[[ RAW DATA open ]]

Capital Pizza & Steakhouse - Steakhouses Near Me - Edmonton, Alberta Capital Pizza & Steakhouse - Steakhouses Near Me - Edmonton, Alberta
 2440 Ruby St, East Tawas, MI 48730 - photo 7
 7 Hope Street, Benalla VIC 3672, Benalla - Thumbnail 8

[[ RAW DATA closed ]]

Leaving every word in place, output the whole listing above.

:: YOUR SOLUTION ::
Capital Pizza & Steakhouse - Steakhouses Near Me - Edmonton, Alberta Capital Pizza & Steakhouse - Steakhouses Near Me - Edmonton, Alberta
 2440 Ruby St, East Tawas, MI 48730 - photo 7
 7 Hope Street, Benalla VIC 3672, Benalla - Thumbnail 8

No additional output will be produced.